INTSINT

Last updated October 28, 2024

INTSINT is an acronym for INternational Transcription System for INTonation.

Description

INTSINT codes the intonation of an utterance by means of an alphabet of 8 discrete symbols constituting a surface phonological representation of the intonation:

T (Top), H (Higher), U (Upstepped), S (Same), M (mid), D (Downstepped), L (Lower), B (Bottom).

These tonal symbols are considered phonological in that they represent discrete categories and surface since each tonal symbol corresponds to a directly observable property of the speech signal.

Tonal alignment

The tones can be aligned with phonological constituents by means of the following alignment diacritics following the tonal symbol:

[ (initial), < (early), : (medial), > (late), ] (final)

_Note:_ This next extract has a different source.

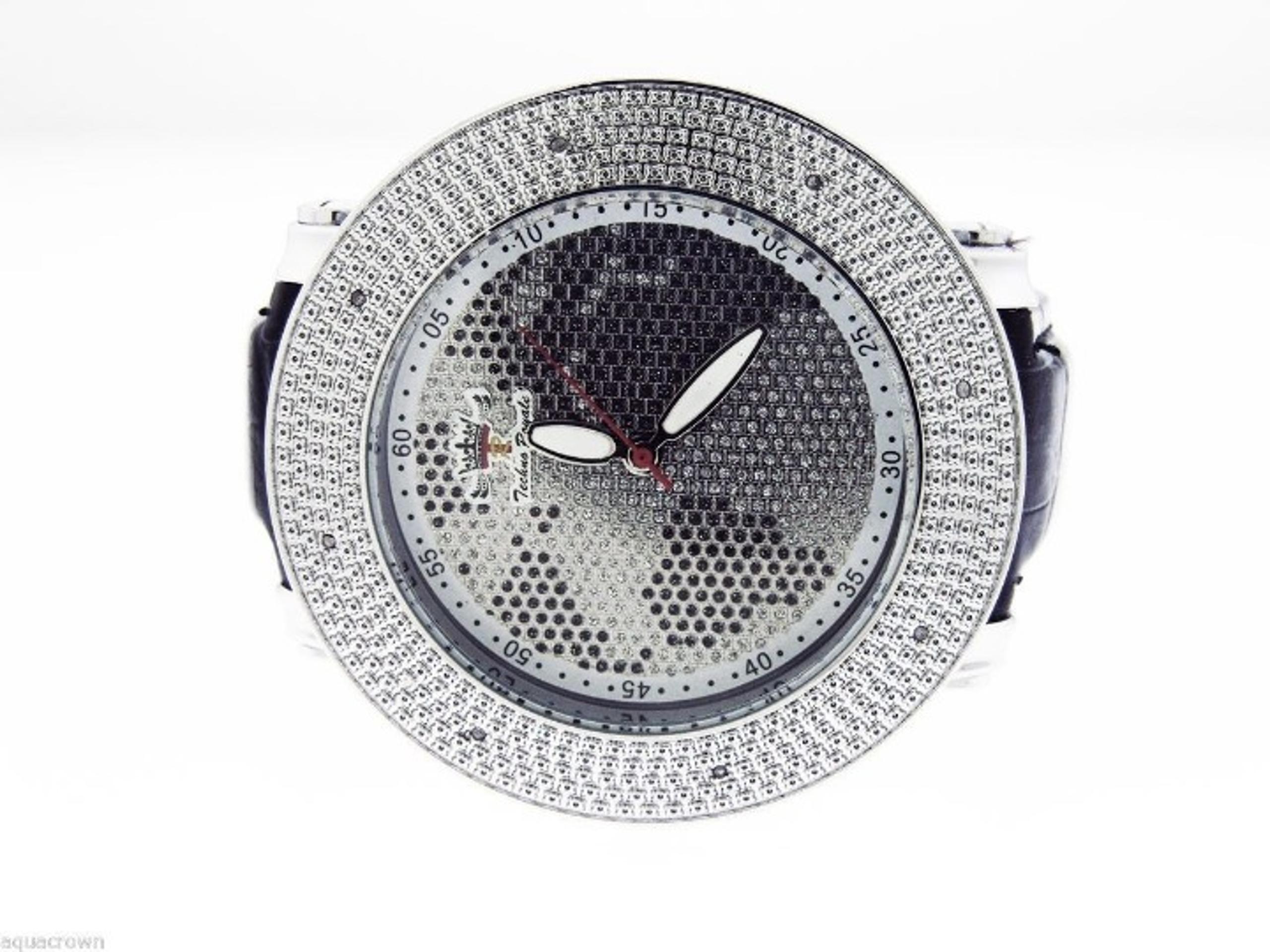 Men's Techno Royale JUMBO 57MM Bezel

The relevant phonological constituent with which the tonal segments are aligned can be taken as the sequence of symbols between the following pair of slashes /.../.

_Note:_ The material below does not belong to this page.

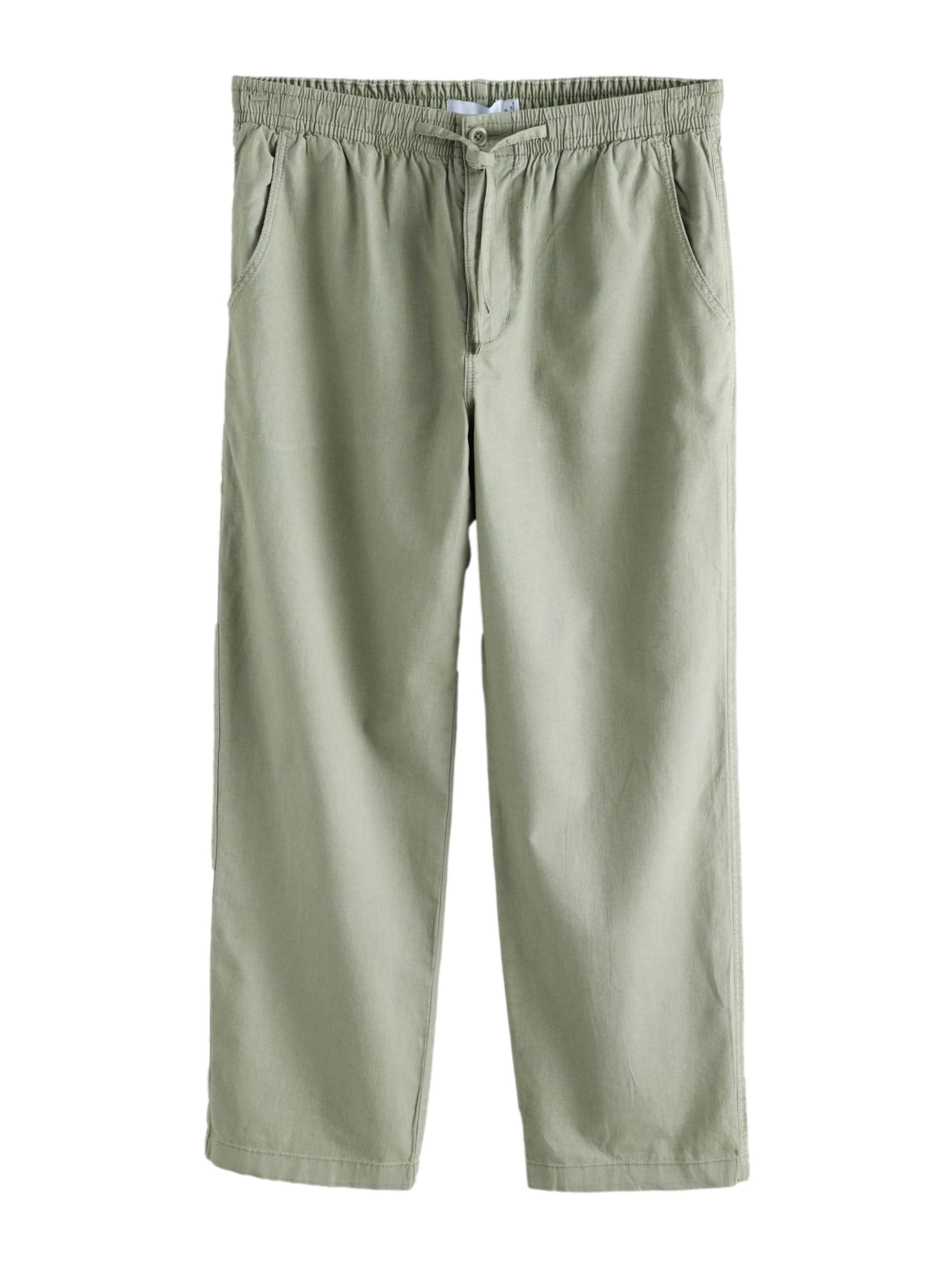 Next Pants in Green: front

The following is an example of a transcription using the IPA (International Phonetic Alphabet) of a possible reading of the sentence "It's time to go :

M:/ɪts/T:/taɪmtə/D<B]/ɡoʊ/

This corresponds to a Mid tone aligned with the middle of the syllable "It's" then a Top tone aligned with the middle of the unit "time to" and then a Downstepped tone aligned early in the syllable "go" and a Bottom tone aligned with the end of the same syllable.

Phonetic interpretation

The phonetic interpretation of the INTSINT tonal segments can be carried out using two speaker dependent (or even utterance dependent) parameters.

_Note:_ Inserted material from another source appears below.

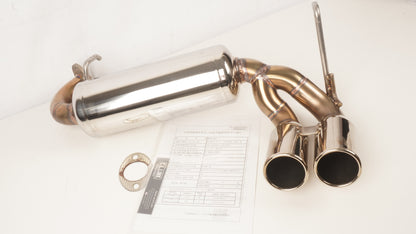 シーエルリンク リアマフラー タイプ2 ダブル出し ステンレス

key: like a musical key, this establishes an absolute point of reference defined by a fundamental frequency value (in hertz).
range: this determines the interval between the highest and lowest pitches of the utterance.

In the current algorithm (Hirst 2004, 2005) the tonal segments can be converted to target points, like those generated by the Momel algorithm, using the following equivalences. P(i) in the following formulae refers to the current Pitch target, P(i-1) to the preceding pitch target. Pitch targets are normally calculated on a logarithmic scale.

The targets T, M and B are defined 'absolutely' without regard to the preceding targets

T: P(i) := key + range/2
M: P(i) := key
B: P(i) := key - range/2

Other targets are defined with respect to the preceding target:

H: P(i) := (P(i-1) + T) / 2
U: P(i) := (3*P(i-1) + T) / 4
S: P(i) := P(i-1)
D: P(i) := (3*P(i-1) + B) / 4
L: P(i) := (P(i-1) + B) / 2

Example

A sequence of tonal targets such as:

[M T L H L H D B]

assuming values for a female speaker of key as 240 Hz and range as 1 octave, would be converted to the following F0 targets:

[240 340 240 286 220 273 242 170]

An interesting consequence of this model is that it automatically introduces an asymptotic lowering of sequences such as H L H... such as has often been described both for languages with lexical tone and for languages where tone is only introduced by the intonation system, without the need to introduce a specific downdrift or declination component.

The particular values used for calculating the value of D and U were chosen so that in a sequence [T D] for example, the D tone is lowered by the same amount as the H tone in the sequence [T L H]. In many phonological accounts, Downstepped tones are analysed as a High tone which is lowered by the presence of a "floating" low tone, so that the surface tone [D] can be considered as underlyingly [L H].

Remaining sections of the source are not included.